Joe Biden veut recréer une classe moyenne aux Etats-Unis
« L’Amérique est à un tournant. Dans une période de grands dangers, mais aussi de possibilités extraordinaires », a assuré Joe Biden dans son premier discours en tant que candidat officiellement investi pour la course à la présidentielle américaine de novembre. Il a ainsi clôturé quatre jours d’une convention démocrate pour la première fois en vidéoconférence, crise sanitaire oblige. Le programme de Joe Biden évoluera probablement dans les prochaines semaines. Notamment sous l’influence de sa récemment nommée vice-présidente Kamala Harris, considérée comme moins centriste. Mais la philosophie générale est déjà donnée, ainsi qu’une description des grands leviers pour y parvenir.
La classe moyenne ne représente désormais plus que la moitié de la population américaine, contre un peu plus de 60 % dans les années 1970
Tout le programme économique de l’ancien vice-président de Barack Obama semble tendre vers un objectif : reconstruire une classe moyenne états-unienne. En effet, « après avoir longtemps été au cœur du modèle social américain, la classe moyenne n’a cessé de s’éroder au cours des dernières décennies », souligne Anton Brender, chef économiste chez Candriam. Comme le soulignait le Pew Research Center en 2018, la classe moyenne ne représente désormais plus que la moitié de la population américaine, contre un peu plus de 60 % dans les années 1970. Mais surtout, l’écart s’est creusé avec des riches devenus plus riches et des pauvres plus pauvres.
Fiscalité progressive
Dans cette logique, le point le plus saillant est la volonté du candidat de réintroduire un peu plus de progressivité dans le système fiscal américain, dont les auteurs Gabriel Zucman et Emmanuel Saez ont récemment mis en évidence les lacunes. Joseph Robinette Biden entend ainsi ramener le taux des dernières tranches d’imposition sur le revenu de 37 % à 39,6 %. Il entend également instaurer une taxation des revenus du capital (dividendes, plus-values) à ce même taux de 39,6 % au-dessus d’un million d’euros. « C’est une mesure moins ambitieuse que l’impôt sur la fortune [proposé notamment par Elizabeth Warren pendant la campagne, NDLR] mais qui va dans la bonne direction pour lutter contre la concentration extrême du capital », admet l’économiste Emmanuel Saez.

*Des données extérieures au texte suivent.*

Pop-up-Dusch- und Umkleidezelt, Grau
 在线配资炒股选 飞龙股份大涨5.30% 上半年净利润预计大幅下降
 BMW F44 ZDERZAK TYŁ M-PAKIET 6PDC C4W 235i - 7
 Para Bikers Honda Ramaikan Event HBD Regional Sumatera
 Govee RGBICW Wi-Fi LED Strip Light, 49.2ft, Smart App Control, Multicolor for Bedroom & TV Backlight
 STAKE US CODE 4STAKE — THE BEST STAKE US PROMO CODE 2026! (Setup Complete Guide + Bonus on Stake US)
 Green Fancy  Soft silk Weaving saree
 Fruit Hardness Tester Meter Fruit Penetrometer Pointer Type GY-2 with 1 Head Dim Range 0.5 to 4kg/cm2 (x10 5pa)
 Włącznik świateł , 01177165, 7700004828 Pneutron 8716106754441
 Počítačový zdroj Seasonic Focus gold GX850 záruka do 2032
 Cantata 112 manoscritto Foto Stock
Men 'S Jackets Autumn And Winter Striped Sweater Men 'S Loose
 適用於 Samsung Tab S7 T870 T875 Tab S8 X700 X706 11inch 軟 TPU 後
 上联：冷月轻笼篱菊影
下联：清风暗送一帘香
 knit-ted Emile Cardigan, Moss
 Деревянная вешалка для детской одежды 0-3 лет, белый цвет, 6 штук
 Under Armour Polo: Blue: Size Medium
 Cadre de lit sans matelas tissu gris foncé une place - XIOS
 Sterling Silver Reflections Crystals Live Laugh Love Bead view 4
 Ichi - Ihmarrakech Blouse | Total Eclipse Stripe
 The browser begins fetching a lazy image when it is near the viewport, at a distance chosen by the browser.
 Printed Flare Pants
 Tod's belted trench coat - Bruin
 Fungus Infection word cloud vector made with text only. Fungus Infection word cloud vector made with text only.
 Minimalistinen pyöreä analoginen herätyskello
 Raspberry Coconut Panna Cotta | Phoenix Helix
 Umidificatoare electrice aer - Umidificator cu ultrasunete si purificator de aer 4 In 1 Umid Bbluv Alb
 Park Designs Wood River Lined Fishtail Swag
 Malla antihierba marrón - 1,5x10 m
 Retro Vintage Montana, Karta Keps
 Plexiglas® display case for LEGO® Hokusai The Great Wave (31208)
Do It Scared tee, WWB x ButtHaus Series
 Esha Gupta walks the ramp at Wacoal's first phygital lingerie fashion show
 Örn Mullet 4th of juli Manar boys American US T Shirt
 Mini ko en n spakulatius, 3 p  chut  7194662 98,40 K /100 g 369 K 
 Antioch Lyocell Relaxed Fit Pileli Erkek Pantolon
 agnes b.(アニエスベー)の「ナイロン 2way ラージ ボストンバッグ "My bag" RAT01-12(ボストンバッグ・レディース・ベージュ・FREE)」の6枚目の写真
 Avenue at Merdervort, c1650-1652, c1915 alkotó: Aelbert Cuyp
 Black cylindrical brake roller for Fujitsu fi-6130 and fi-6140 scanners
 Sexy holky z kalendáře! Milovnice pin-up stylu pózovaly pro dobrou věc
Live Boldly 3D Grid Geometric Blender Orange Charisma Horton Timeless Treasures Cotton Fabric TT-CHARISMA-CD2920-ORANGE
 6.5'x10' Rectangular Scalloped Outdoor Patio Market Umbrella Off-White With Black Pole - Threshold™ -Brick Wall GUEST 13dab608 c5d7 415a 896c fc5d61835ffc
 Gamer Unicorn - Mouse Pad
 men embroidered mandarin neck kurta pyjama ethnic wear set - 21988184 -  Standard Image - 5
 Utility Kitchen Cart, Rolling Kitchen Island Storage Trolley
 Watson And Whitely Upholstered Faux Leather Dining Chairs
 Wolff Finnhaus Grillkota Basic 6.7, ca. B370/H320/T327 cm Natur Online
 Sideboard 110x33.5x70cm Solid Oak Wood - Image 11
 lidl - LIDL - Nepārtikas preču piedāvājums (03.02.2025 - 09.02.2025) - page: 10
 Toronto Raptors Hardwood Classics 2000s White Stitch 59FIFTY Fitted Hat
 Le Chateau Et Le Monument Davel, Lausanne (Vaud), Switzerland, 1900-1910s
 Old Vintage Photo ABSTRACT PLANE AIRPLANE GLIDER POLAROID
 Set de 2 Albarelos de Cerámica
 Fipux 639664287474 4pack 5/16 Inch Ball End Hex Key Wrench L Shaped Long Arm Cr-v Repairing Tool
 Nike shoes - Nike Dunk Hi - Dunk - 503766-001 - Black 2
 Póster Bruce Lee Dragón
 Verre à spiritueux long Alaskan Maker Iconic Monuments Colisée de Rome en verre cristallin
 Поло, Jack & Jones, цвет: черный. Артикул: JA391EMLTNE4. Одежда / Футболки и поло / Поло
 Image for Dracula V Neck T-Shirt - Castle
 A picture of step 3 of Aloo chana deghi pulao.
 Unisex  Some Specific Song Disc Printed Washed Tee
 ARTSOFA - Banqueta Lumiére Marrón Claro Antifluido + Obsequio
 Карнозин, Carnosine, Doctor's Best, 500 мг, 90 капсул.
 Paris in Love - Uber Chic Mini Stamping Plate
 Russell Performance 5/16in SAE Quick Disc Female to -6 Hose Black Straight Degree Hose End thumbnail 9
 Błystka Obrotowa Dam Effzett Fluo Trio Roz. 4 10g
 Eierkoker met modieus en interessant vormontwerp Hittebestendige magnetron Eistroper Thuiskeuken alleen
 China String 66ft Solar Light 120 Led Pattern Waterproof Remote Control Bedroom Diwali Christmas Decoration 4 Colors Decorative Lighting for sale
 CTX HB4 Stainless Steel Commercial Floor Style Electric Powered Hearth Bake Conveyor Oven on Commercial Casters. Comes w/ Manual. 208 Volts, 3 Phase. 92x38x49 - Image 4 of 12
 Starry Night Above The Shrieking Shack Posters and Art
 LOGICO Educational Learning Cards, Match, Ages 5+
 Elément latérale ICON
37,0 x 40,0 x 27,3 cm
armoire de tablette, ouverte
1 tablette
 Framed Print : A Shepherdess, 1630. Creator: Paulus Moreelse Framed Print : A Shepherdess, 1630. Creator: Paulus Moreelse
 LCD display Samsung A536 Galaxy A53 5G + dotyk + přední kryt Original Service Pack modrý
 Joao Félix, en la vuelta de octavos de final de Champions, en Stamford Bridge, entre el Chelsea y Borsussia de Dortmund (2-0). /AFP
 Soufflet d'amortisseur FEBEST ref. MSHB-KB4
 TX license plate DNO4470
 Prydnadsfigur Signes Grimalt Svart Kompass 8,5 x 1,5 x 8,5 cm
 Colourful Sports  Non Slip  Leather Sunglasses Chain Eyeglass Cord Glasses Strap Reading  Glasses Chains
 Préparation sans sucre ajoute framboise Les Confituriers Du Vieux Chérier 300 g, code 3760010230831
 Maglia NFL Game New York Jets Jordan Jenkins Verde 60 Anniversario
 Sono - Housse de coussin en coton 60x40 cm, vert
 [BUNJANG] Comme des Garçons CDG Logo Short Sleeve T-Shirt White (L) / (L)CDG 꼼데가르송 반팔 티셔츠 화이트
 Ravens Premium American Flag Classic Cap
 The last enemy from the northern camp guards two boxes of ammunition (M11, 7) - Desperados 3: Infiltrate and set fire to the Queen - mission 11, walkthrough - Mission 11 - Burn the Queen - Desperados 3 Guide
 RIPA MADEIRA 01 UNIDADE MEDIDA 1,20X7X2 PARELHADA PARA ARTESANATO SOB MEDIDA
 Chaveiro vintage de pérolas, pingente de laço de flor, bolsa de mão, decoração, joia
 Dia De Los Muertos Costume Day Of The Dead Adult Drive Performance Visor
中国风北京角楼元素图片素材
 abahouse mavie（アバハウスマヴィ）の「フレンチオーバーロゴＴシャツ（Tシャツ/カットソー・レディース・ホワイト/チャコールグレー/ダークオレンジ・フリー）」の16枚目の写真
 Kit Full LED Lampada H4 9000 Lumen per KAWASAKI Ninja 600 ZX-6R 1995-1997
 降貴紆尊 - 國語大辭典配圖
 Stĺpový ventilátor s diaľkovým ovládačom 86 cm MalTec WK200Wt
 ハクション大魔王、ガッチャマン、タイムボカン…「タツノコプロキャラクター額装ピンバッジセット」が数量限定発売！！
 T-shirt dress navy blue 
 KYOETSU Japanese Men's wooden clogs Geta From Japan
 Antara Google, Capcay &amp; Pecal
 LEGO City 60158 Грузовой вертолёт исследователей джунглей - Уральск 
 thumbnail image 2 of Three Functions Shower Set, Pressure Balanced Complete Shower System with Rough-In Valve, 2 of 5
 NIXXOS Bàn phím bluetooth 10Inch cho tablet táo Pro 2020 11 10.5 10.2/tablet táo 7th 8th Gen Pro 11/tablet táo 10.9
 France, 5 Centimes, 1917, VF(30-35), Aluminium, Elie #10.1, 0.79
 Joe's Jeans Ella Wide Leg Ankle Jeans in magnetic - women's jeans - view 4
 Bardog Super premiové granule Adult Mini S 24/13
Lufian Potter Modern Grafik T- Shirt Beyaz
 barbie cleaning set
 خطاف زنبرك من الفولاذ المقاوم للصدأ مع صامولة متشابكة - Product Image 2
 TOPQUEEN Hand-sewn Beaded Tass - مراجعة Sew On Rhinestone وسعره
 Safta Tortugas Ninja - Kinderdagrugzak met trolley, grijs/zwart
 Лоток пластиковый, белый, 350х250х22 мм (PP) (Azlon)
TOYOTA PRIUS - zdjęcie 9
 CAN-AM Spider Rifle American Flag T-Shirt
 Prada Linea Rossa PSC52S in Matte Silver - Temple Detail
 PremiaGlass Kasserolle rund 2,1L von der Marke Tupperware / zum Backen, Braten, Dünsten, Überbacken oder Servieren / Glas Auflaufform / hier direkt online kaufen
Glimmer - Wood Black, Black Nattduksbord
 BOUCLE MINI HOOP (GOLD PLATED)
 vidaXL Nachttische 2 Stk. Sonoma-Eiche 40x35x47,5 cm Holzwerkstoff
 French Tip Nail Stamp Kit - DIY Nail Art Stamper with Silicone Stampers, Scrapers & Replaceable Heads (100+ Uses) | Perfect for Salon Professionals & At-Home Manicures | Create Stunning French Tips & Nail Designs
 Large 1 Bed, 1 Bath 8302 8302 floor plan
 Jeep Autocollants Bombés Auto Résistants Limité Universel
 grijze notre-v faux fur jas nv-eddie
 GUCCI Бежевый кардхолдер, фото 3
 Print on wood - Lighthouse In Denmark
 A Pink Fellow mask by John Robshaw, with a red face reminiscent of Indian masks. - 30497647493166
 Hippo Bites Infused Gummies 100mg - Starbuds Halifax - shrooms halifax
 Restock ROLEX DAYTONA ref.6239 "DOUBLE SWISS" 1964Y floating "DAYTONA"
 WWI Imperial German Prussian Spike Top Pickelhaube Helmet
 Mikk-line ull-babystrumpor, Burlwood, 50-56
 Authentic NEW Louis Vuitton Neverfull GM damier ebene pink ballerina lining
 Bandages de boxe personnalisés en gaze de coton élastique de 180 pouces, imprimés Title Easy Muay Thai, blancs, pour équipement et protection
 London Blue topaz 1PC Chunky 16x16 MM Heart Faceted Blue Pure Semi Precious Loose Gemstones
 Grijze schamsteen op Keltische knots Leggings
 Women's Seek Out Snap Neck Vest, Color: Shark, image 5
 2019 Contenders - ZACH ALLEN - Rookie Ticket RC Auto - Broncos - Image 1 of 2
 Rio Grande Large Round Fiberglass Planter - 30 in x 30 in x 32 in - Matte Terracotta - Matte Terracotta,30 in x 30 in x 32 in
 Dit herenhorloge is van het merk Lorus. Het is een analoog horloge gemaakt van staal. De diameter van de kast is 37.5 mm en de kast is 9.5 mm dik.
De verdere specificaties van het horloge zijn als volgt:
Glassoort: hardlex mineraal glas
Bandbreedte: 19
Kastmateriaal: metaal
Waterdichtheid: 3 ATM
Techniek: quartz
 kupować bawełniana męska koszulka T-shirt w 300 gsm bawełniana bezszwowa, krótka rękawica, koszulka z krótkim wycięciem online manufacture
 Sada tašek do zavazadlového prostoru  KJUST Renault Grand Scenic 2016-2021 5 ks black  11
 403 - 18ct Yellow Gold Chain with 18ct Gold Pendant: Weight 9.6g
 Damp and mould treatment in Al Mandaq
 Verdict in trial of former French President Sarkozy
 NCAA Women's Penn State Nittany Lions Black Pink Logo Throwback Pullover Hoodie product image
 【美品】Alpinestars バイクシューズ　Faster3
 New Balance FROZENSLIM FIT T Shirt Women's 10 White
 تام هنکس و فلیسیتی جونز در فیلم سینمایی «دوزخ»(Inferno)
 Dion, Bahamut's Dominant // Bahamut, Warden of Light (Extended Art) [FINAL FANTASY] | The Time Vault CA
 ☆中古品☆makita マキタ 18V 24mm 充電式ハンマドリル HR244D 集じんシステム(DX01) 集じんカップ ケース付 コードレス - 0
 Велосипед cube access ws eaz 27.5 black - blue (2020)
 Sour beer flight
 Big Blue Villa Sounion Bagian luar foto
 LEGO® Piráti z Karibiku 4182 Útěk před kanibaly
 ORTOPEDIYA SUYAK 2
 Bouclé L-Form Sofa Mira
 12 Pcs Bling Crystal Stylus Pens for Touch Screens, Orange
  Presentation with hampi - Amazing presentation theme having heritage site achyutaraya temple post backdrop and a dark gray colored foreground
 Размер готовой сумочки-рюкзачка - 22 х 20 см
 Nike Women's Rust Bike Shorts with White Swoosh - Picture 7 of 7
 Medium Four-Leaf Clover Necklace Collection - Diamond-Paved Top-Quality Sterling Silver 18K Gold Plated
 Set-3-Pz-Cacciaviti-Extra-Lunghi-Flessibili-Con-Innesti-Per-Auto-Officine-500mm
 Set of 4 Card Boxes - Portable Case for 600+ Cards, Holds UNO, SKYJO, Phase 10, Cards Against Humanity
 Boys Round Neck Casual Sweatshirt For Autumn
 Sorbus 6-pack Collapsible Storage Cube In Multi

Cet objectif mesuré s’explique notamment, selon Christophe Blot de l’OFCE, par le fait que « la pandémie a incité Joe Biden à mettre davantage l’accent sur la relance de l’économie par les dépenses publiques que sur une réforme plus structurelle de la fiscalité ». Malgré tout, « avec les propositions de Joe Biden, la plus forte augmentation d’impôt concernera les 1 % les plus riches. (…) Ce groupe fera face à une augmentation de son montant moyen d’impôt de 118 674 dollars », note l’American Enterprise Institute dans une note sur la politique fiscale du candidat.
« Si Biden appliquait son programme fiscal entièrement, la progressivité serait supérieure à celle des années Obama et Clinton », Emmanuel Saez
Côté entreprises, l’ancien sénateur du Delaware, où il réside, a annoncé vouloir augmenter le taux d’imposition sur les sociétés de 21 % à 28 %. Il était de 35 % avant l’élection de Donald Trump. Là encore, la promesse peut paraître timorée, mais Joe Biden inverse au moins la tendance impulsée par l’actuel président républicain. « L’administration Trump a poursuivi des politiques économiques qui récompensaient la richesse davantage que le travail et les entreprises davantage que les travailleurs », fustige ainsi le candidat sur son site de campagne. En conclusion, « les propositions fiscales de Biden étaient les moins ambitieuses des candidats à la primaire démocrate mais elles le sont tout de même plus que celles de Clinton en 2016. Si Biden appliquait son programme fiscal entièrement, la progressivité serait supérieure à celle des années Obama et Clinton », assure Emmanuel Saez… « mais quand même inférieure à la progressivité avant Reagan ».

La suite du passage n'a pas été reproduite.